September 21, 2025

General Studies Paper-3

Context

India is facing both a responsibility and a historic opportunity — to repay the debt owed to regions that fueled India’s food security, and to reimagine agriculture for a sustainable future.

About the Green Revolution

  • The term ‘Green Revolution’ was coined by William S. Gaud, then Administrator of the United States Agency for International Development (USAID), in 1968.
  • It turned a famine-prone nation into a food-secure one, ushering in self-sufficiency in grain production and empowering millions of farmers.
  • In India, the Green Revolution benefited Punjab, Haryana, and western Uttar Pradesh with its focus on high-yielding rice and wheat varieties, irrigation expansion, and intensive chemical input.

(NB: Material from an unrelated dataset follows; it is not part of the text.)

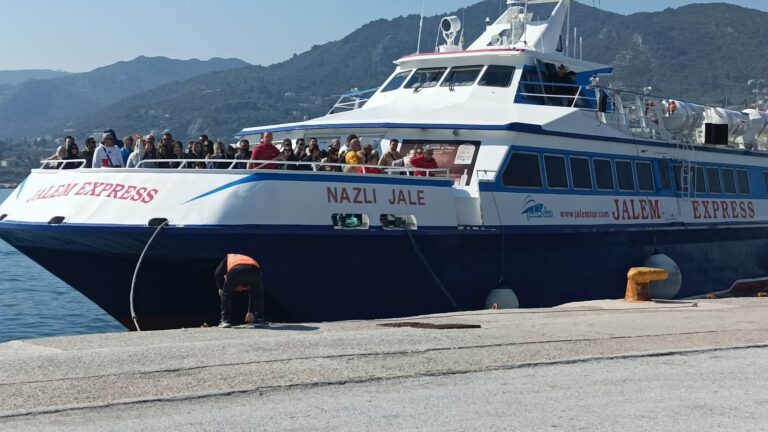 Πάνω από 2.500 Τούρκοι επισκέπτες το τετραήμερο στη Λέσβο Πάνω από 2.500 Τούρκοι επισκέπτες το τετραήμερο στη Λέσβο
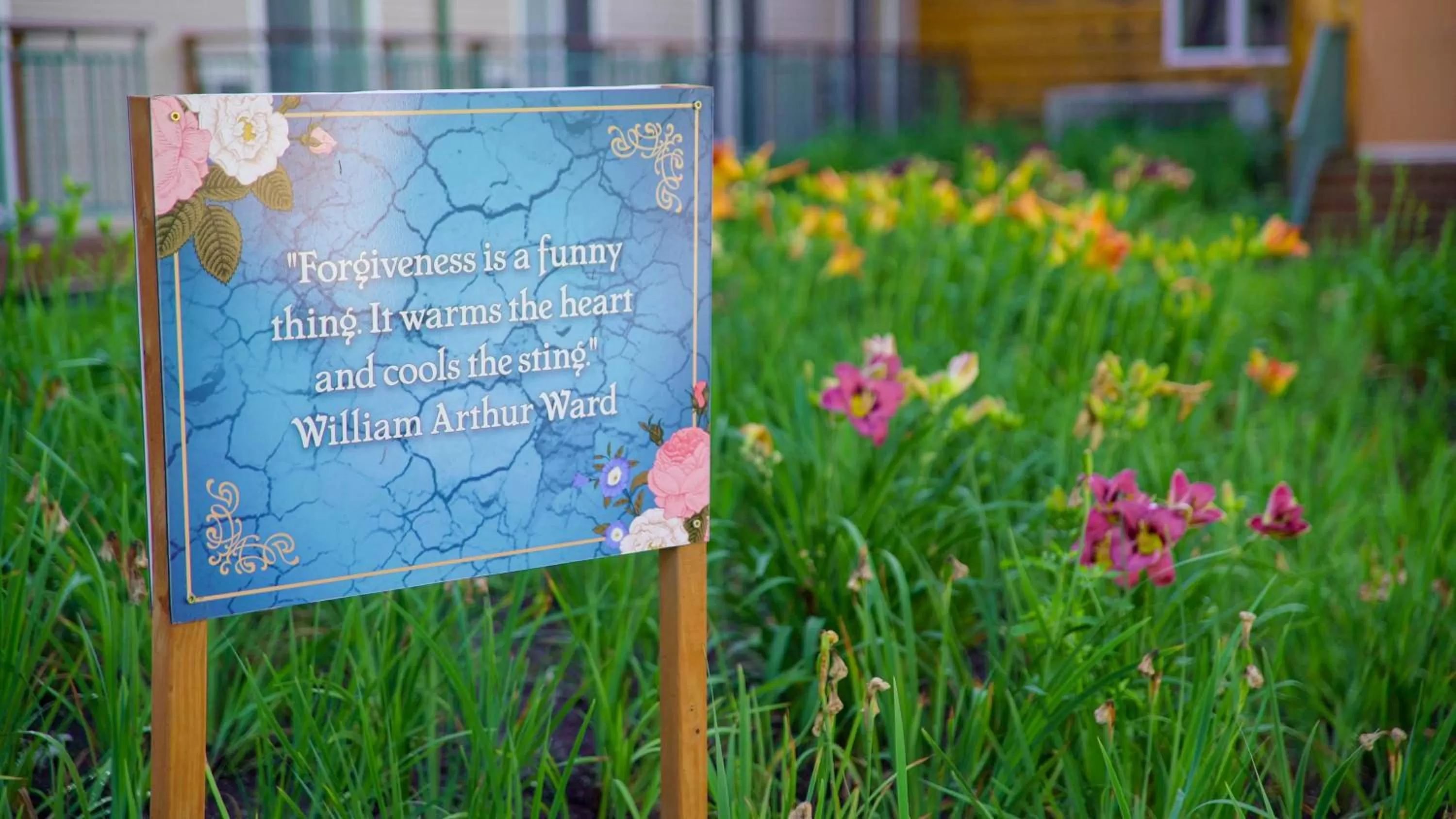 Garden in Pike's Waterfront Lodge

India’s Agricultural Gains

  • India’s Green Revolution was catalyzed by International Maize and Wheat Improvement Center (CIMMYT) and IRRI germplasm. Varieties like Kalyan Sona and Sonalika (1967–68) came from CIMMYT breeding lines.
  • Later, Indian institutions like the Indian Agricultural Research Institute (IARI) developed indigenous varieties pushing yields to 7 tonnes/hectare.
  • In rice, IARI and regional institutes released iconic varieties like Swarna (1982), Samba Mahsuri (1986), and Pusa Basmati 1121 (2003).
  • In 2024–25, India exported 6.1 million tonnes of basmati rice worth $5.94 billion, over 90% from IARI-developed varieties.

Green Revolution: Legacy & and Its Costs

  • Continued Reliance on Global Research: As of 2024–25, 6 of the top 10 wheat varieties sown over 20 million hectares in India were directly derived from CIMMYT material.
  • HD 2967 remains the only recent major indigenous variety.
  • While northern states thrived, others — especially eastern and central India — remained underdeveloped. The excessive focus on procurement, subsidies, and irrigation for a narrow set of crops led to:
  • Soil nutrient depletion and water table collapse.
  • Stifled crop diversification and ecological imbalance.
  • Farmer dependency on input-intensive monocultures.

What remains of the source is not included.